Experimenting with PostgreSQL's JSONB for better performance

classic Classic list List threaded Threaded
4 messages Options
Reply | Threaded
Open this post in threaded view
|

Experimenting with PostgreSQL's JSONB for better performance

Aaron Spike
We make extensive use of PostgreSQL and Flat Views. A while ago I noticed that the views exposing our Orbeon Forms data in a relational fashion were getting slow to the point of pain. I converted one particularly slow view to a materialized view to try make the experience more tolerable but I kept wondering if the live view of the data could be made faster. Because I had some success with the JSONB datatype in PostgreSQL I wondered if the views would perform better if the data were stored as JSONB instead of XML in the orbeon_form_data table. I posted some questions on twitter at the time. Now I am posting a more complete description of my experience here in hopes that the community can provide some advice.

Our most complex form has the following statistics:

Sections 13
Repeats 6
Grids 42
Section templates 0
Controls 136
All 197

I'm guessing these stats are relatively modest compared to what some of you are doing. For this form the orbeon_form_data table stores 3054 rows with 1248 distinct document_ids. Again, I think this is relatively modest. The view we are using to access this data is a copy of the automatically generated flat view with a few type casts and an extra where condition to avoid draft forms that may have unvalidated data that cannot be properly casted.

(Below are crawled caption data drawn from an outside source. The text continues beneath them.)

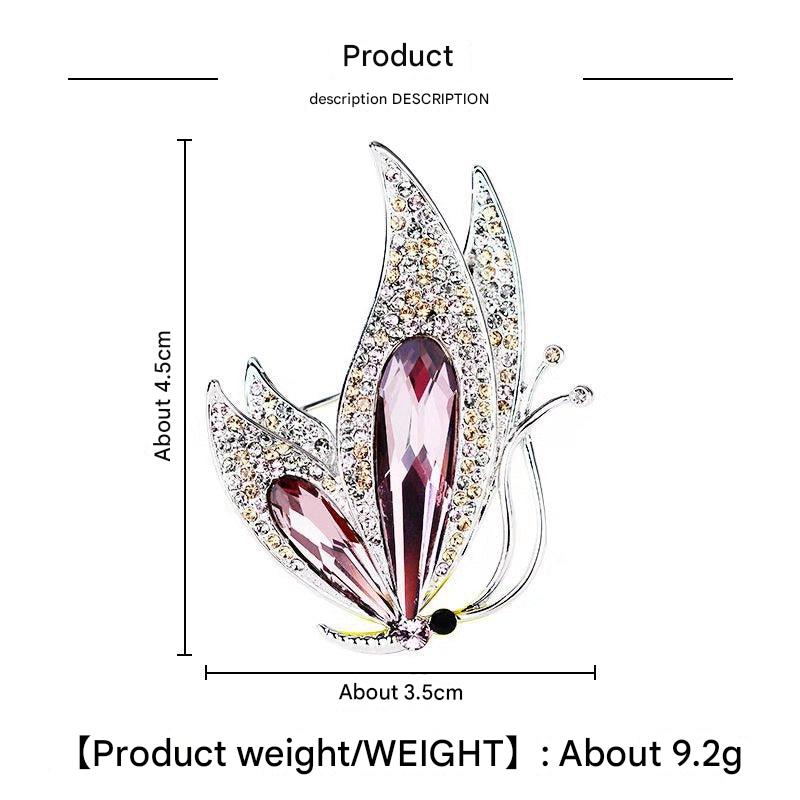 stylish brooch with rhinestone embellishments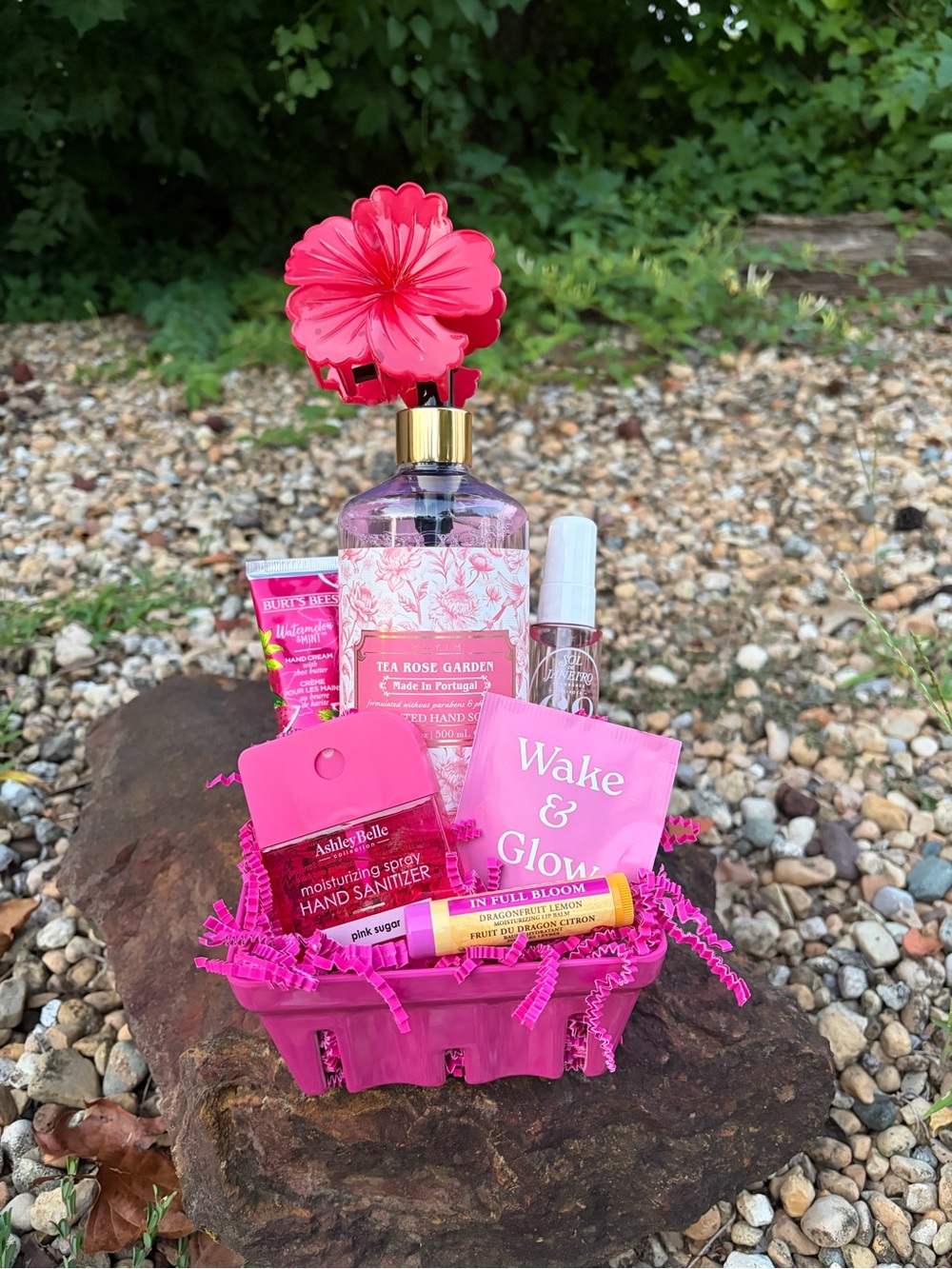 Pink Themed Gift Basket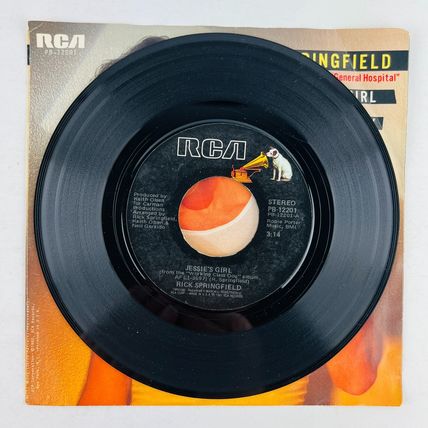 Rick Springfield – Jessie's Girl / Carry Me Away 45RPM Single Record 7" Vinyl 45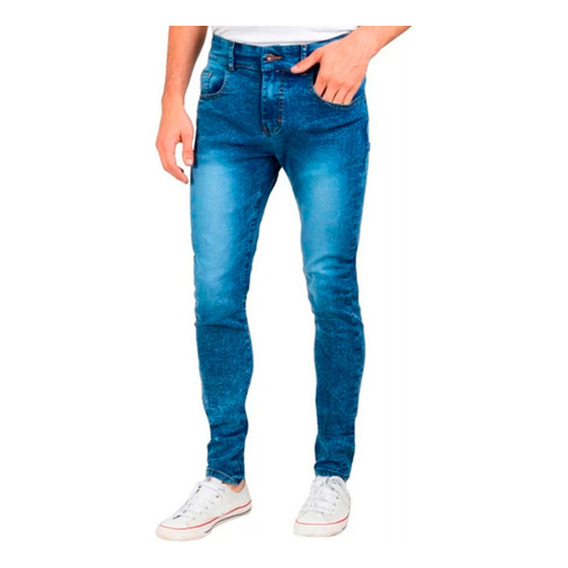 Jeans Casual Mezclilla Pantalón Caballero Denim Hombre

The view has about 90 output columns and about 100 XPATH() calls. Running the view query in PGAdmin takes approximately 3 minutes to retrieve ~1000 rows. (Lest someone think that my modification are slowing things down, the modified query actually returns slightly faster than the raw automatically generated flat view.)

On Twitter @Orbeon suggested that I should be able to add a JSONB column to the orbeon_form_data table and populate the data with a trigger. I found a post on StackOverflow with an example XML to JSON function for PostgreSQL. I felt that the resulting JSON was too verbose so I simplified it a little. (I removed the outer <form/> document element, ignored attributes, and placed all text values in arrays even if there is only a single item to make indexing consistent.) The conversion function is listed below.
Using this function it took about 2.75 minutes to populate the JSON column for the 3054 rows in question. I think this works out to about 60 milliseconds which would probably be tolerable for a trigger executing on form submission.

I then wrote a query which returns identical results to the original view (i.e. the one that takes 3 minutes to materialize) but references the JSONB column instead of using XPATH() operations on the XML to extract the data. This new query executes in under 3 seconds.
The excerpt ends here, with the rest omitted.